Throughout this article and in this section in particular, it's going to seem like I'm picking on BuzzFeed, but I assure you that's only because I totally fucking am. Not because BuzzFeed is the only offender here, or even the worst offender (as I've pointed out in the past, they actually do great political journalism and interviews). But they are certainly the most popular offender, with the most "content," so I'm focusing on them. Also, they do things like take an article of ours from 2009 and turn it into a video of theirs from 2013. Also? Just in general, I have a fond dislike of them and their lists.

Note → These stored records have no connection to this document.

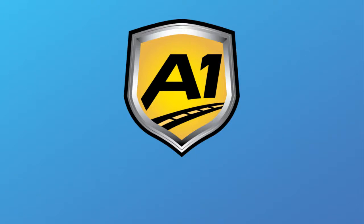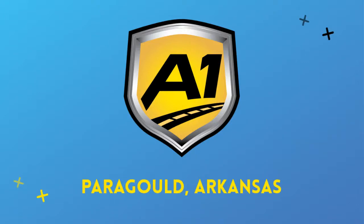Welcome to A1 Auto Transport. When you ship your vehicle to another location, the last thing you want is a company that you cannot trust.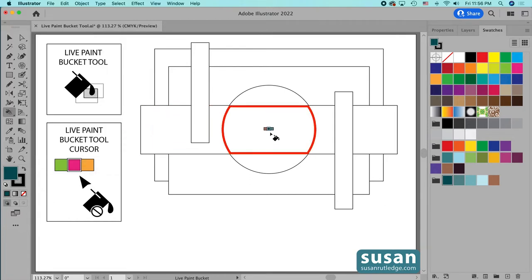Here you can see what the highlight looks like. Whichever object is highlighted, that's the one that's going to have the color applied to it if I press down with my mouse. So now you know where to find the Live Paint Bucket tool and how to change its live color, but that's only part of the process.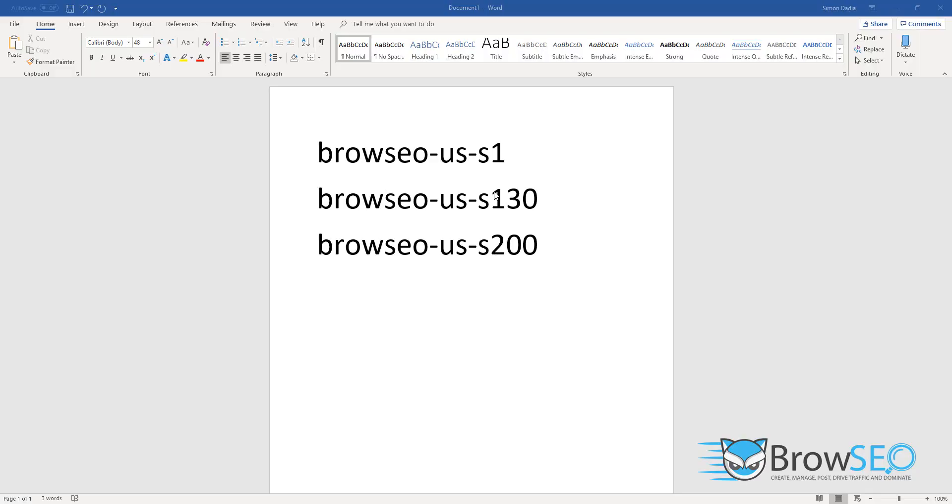Hey, what's going on everyone. I'm getting a lot of emails because there have been some slight changes to the way the US proxy servers work with our residential proxy service. There are two tiers right now.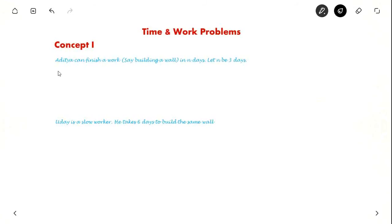Hello everyone. In this video we will see about time and work problems, which is asked in the general aptitude section in many competitive exams. First, let us see the first concept.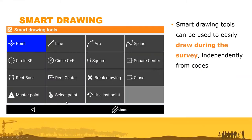Smart drawing tools make it easy to draw in the field. When a code is used — for example, drawing a line with a specific code — everything is automatically classified into different layers, which simplifies office work. When exported to DXF, all elements are already on the correct layers.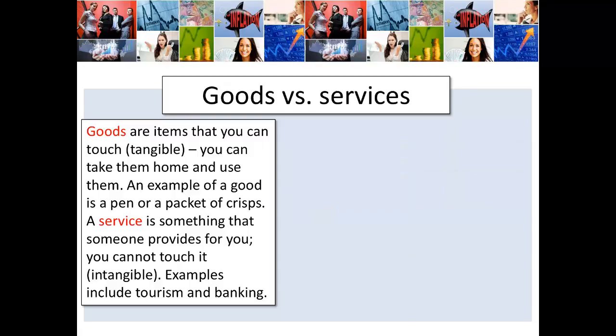So a clear distinction between these two types of products: goods are items that you can touch — they're tangible — you can take them home and use them. An example of a good is a pen or a packet of chips. A service is something that someone provides for you — you can't touch it, so we say it's intangible. Examples include tourism and banking.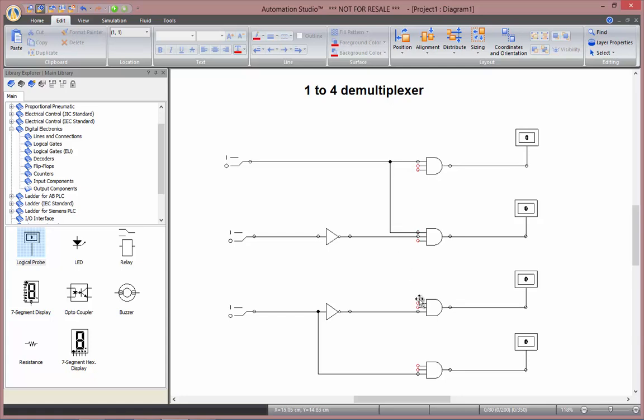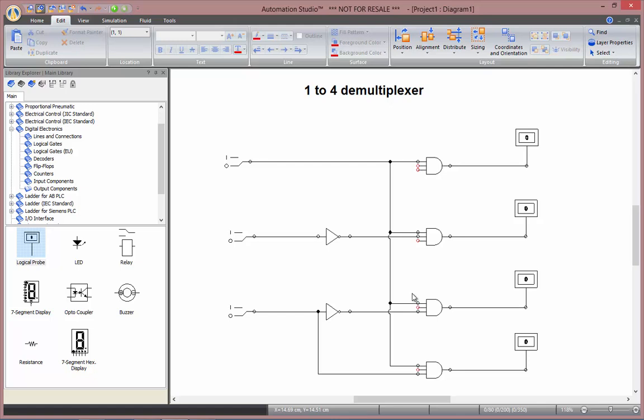So by default in Automation Studio, see that the jump here has been created. So if you want to keep this it's perfect. But you can also go in the project properties to change the standard of the lines and to remove those jumps if you don't want them.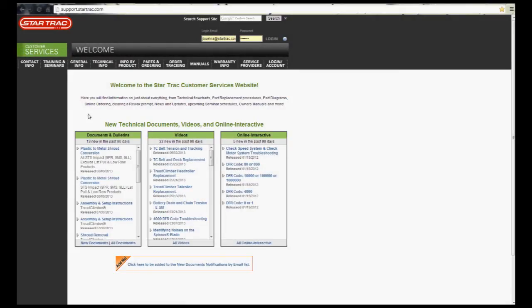Okay, first thing you want to do is you want to go to support.startrack.com. Once you're there, you're going to go over to where it says Technical Info.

Now, we at Cracked are obviously no stranger to the list, in the same way that strangers are no stranger to people they know. In all honesty, we were one of the first sites to start using the list format, and their popularity web-wide is probably at least partly due to our success (and according to Slate, we're the best at it). Cracked, of course, didn't invent the list -- that was done by the first human who thought of a second thing -- but Cracked did realize early on that people tend to click on lists more than anything else. Unfortunately for a lot of sites out there, setting something up like a list still doesn't mean your content contains anything.

That's from a blog I run, BuzzFeed Without GIFs, and it's exactly like it sounds. As each post proves, it doesn't matter if you slap the number 18 at the beginning of your list. What you're producing is still essentially just a single paragraph from a 5th-grader's journal entry. And honestly, I wouldn't be surprised if the teacher gave it a check minus, because there's so little thought that goes into this stuff. So little care. It's churned out as quickly as possible, with little planning and no viewpoint. It's why articles about Saved by the Bell characters don't actually say anything about the characters. They just say that the characters existed. They never say anything about the '90s, they just want you to remember them. Over and over and over, until every week or so, there's a new post about how Tamagotchis were once a thing.

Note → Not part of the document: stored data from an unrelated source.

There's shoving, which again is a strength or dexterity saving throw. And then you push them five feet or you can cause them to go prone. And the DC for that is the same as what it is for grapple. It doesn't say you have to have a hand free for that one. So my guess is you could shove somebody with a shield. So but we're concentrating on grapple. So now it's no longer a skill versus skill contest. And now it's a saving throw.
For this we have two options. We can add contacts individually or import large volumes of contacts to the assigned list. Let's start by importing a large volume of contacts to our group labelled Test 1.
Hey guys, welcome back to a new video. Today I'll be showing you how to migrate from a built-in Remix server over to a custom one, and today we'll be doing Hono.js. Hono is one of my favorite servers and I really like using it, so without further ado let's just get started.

But again, this is not only about BuzzFeed. The Hypables and ShareLOLnets of the web all know that certain topics go "viral," and everyone clamors to get something (read: "anything") posted about those topics. It's why there's an article about dogs being sick of pumpkin spice season. It's why there's an article about how candy corn sucks dick a week before there's an article about how candy corn is better than getting your dick sucked. "Oh, people like Disney princesses with beards for some terrible reason? Let's do Disney princes without beards. Yeah. We nailed that whole great idea thing."

In the month of December this year, there were 15 pieces about Home Alone on BuzzFeed alone. "Why Kevin McCallister Is Not Your Average Kid," "If Buzz Had Instagram," whatever the hell you want about Home Alone. It doesn't matter, because it's Christmastime and Home Alone is a Christmas movie, so I guess we'll try to come up with 15 different articles about Home Alone.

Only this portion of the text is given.